After a month of trying to adapt to my new working environment, of course, I need to reward myself and try to de-stress. What better way to do just that than to attend bookish events and meet my friends, both old and new. Today, I’m sharing with everyone a recap of my short but sweet experience in the recently concluded Philippine Readers & Writers Festival 2016 hosted by National Book Store.
As previously mentioned on my announcement post for this event, I was more than eager to attend the book blogging 101 panel, support my lovely friends, and try to learn a thing or two from them. I look up to these ladies for inspiration in hopes of being as successful as they are someday. In my eyes, they are indeed book blogging and bookstagraming royalty, so you can only imagine my excitement when I was there to listen to what they had to share on how to start, maintain, and have fun with a book blog!
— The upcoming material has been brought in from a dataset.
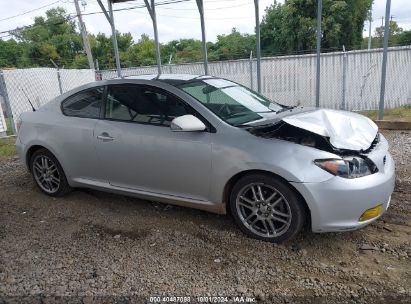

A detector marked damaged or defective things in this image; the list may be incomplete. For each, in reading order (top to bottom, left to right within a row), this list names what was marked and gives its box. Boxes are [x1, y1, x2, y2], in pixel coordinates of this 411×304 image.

crumpled hood [284, 109, 380, 152]
damaged front bumper [290, 150, 396, 233]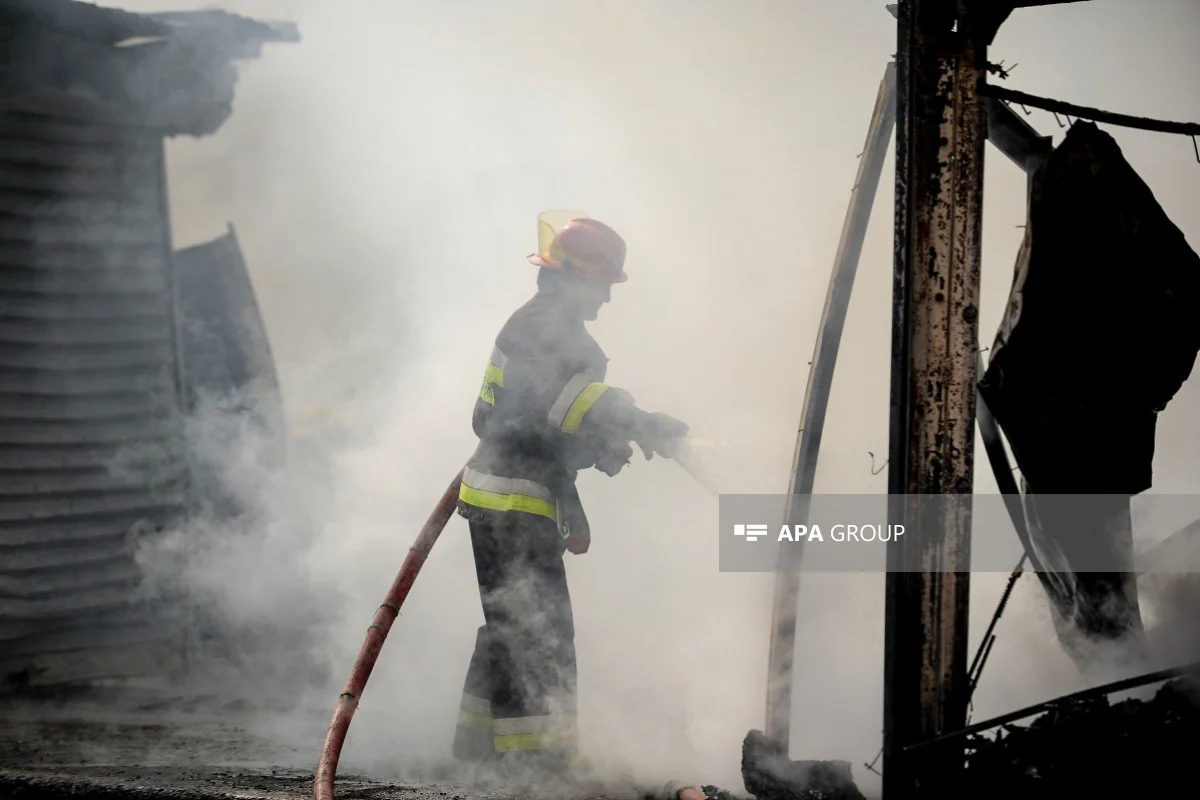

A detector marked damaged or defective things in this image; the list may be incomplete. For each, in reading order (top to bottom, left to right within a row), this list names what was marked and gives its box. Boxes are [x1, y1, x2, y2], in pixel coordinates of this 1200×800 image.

I’m summarizing some of the topics they had, and a few tips they were more than willing to share:
- In starting a book blog, choosing a platform is important since it’s where you’re going to spend most of your time drafting and publishing posts. Choose from WordPress, Blogger, Tumblr, and Blogspot. It’s advisable to try and create accounts with all social media platforms and see where you’re most comfortable with.
- Choosing your audience and genre to blog about may also help you in following a certain format or template in terms of drafting posts and customization. You can opt to blog for young adults, which I’m actually doing myself, and try a bit of everything in the process so that you won’t get tired of focusing on one scope from a wider perspective.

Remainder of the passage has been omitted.